Mehmet Emin Deniz, Engineering Lead: “I can generate translations easily. Let’s say I have “hello_string_key:‘Hello!’”, I can quickly generate the same key in 18 different languages easily. Of course, I ask for confirmation from the actual person, but it’s still useful.”
Volodymyr Grytsenko, iOS Engineer: “I can easily transform a JSON from a Swagger file into any language I need. For me, it converts to a Swift Codable model. With a few extra prompts, I can decide if fields are optional and create custom decoders if necessary.”
Vadim, Android Platform Lead: “When I tried to create a new constant for minimum phone number length it suggested the value immediately - 5. I had another one in my mind - 6, but I believe we can trust this result as it is based on knowledge of a large number of developers. I also generated this image for my article with Bing chat. It has some artifacts”
Two of the author’s personal high points were flattening a data structure in BigQuery and writing a nice report, and using crosstab formulas in Excel. Both cases worked out within minutes—quicker than grabbing a coffee.
Helpfulness rating 10/10
Achilles Heel of GenAI — GenericAI
“What has the world come to when you can’t even trust a program?”
- Matrix Resurrections (2021)
Looking at the cases we mentioned, we’ve seen a trend: GenAI did better when it had more detailed input and a more specific question. Apart from that, we’ve also noticed a sharp rise in effectiveness when faced with a task in which the engineer had no expertise.
Every now and then, after hours of being really helpful, GenAI would generate something that would have required the same amount of time to rework as to do from scratch. While annoying, it was still serviceable in the vast majority of the cases it was applied to.
What was not serviceable, though, was that GenAI’s output was always missing the fine detail—facts, numbers, author’s personality and all the other qualities that signal care and professionalism. We did not find GenAI helpful when generating promotion pitches, writing status updates to stakeholders, or making internal announcements, because all of them read generic, manufactured, and redundant.
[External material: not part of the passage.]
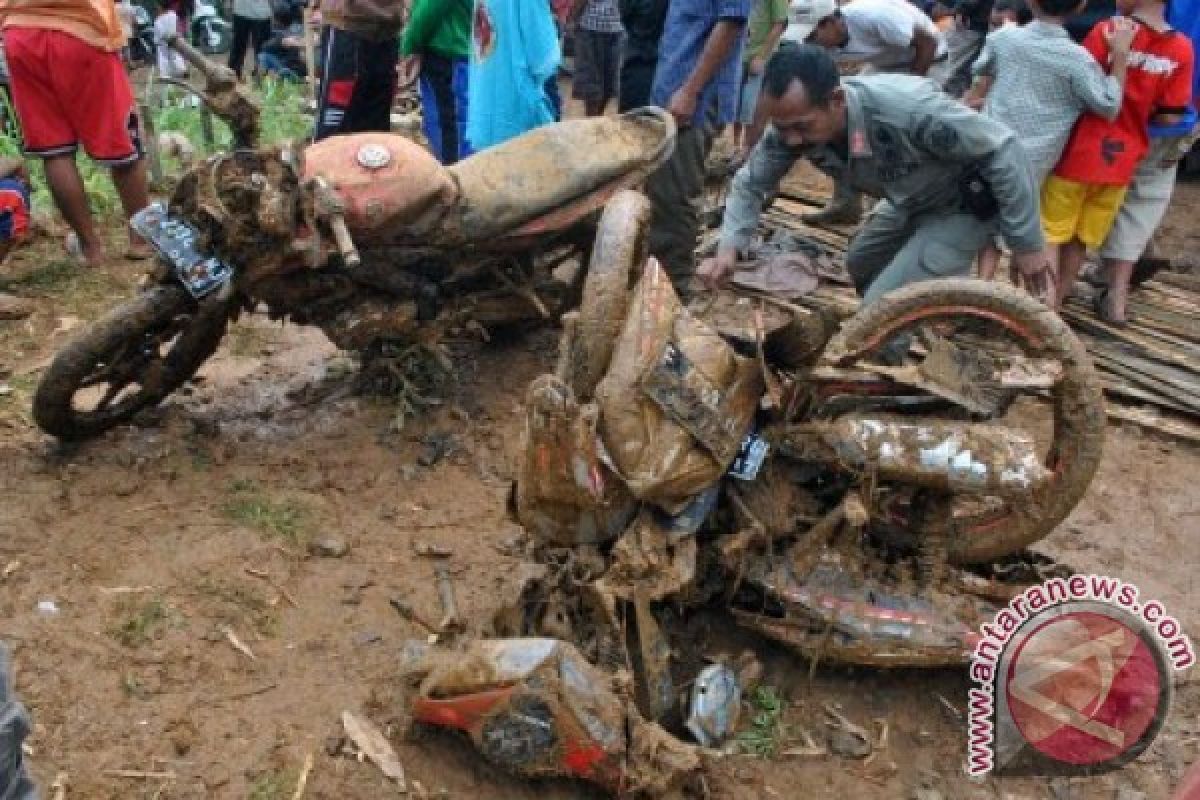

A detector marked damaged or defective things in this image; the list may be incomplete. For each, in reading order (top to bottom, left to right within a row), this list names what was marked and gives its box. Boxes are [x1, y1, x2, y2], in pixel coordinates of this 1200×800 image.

When queried with additional parameters for a better fit to a task, GenAI would start to imagine or misinterpret context, embellishing some elements and obscuring the others. Of course, GenAI output for these cases was better than nothing, but when modelling a situation of a high-risk, high-impact decision, content provided by GenAI was detrimental to the quality of this decision.
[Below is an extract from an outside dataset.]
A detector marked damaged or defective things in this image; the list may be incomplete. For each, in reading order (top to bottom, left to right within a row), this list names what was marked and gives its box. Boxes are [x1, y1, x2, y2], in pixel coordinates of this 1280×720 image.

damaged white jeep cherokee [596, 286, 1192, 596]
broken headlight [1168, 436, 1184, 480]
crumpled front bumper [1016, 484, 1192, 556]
Judging by how the core technology of Large Language Models (LLM) work, it seems natural that the lower the variability of potential responses to a question, the more accurate the response would be. This side of GenAI will become a major, if not revolutionary, multiplier in productivity for the professionals who use it. We’ll find ourselves more capable, more enabled than ever before, at the expense of being a part of an even bigger pool of competition. Now everyone who knows the word “Javascript” can produce Javascript code. Now everyone who knows the word “Cobol” can produce Cobol code.
GenAI was not used when writing this blog post.